━━━━━ PROVIDED DATA

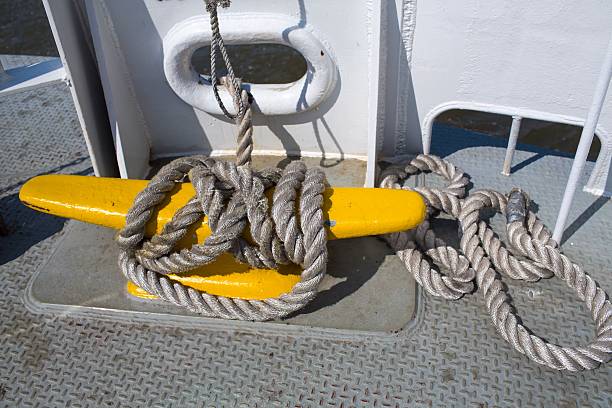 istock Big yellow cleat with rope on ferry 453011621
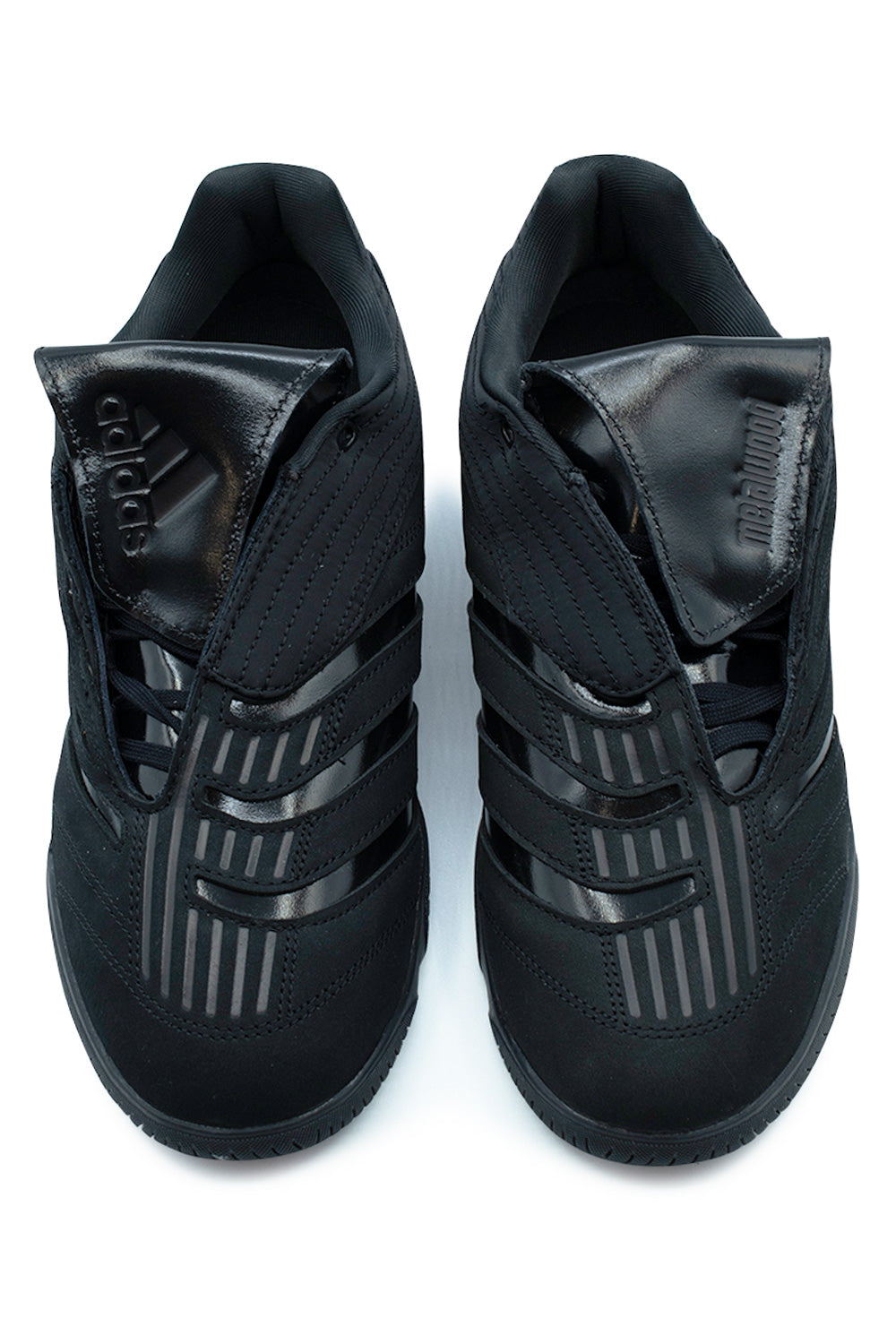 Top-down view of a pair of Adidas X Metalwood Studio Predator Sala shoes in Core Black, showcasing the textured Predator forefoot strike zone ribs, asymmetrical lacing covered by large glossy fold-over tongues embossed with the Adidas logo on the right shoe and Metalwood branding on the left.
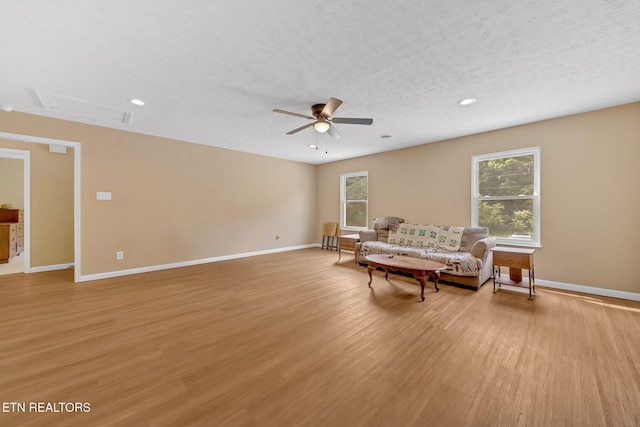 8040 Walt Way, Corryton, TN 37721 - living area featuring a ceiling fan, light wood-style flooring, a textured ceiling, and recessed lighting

━━━━━━━━━━

◆ EXERCISE DETAILS
One exact copy of the data is required, and it should hold no pictures.

◆ RESULT FOR THIS EXERCISE
 istock Big yellow cleat with rope on ferry 453011621
 Top-down view of a pair of Adidas X Metalwood Studio Predator Sala shoes in Core Black, showcasing the textured Predator forefoot strike zone ribs, asymmetrical lacing covered by large glossy fold-over tongues embossed with the Adidas logo on the right shoe and Metalwood branding on the left.
 8040 Walt Way, Corryton, TN 37721 - living area featuring a ceiling fan, light wood-style flooring, a textured ceiling, and recessed lighting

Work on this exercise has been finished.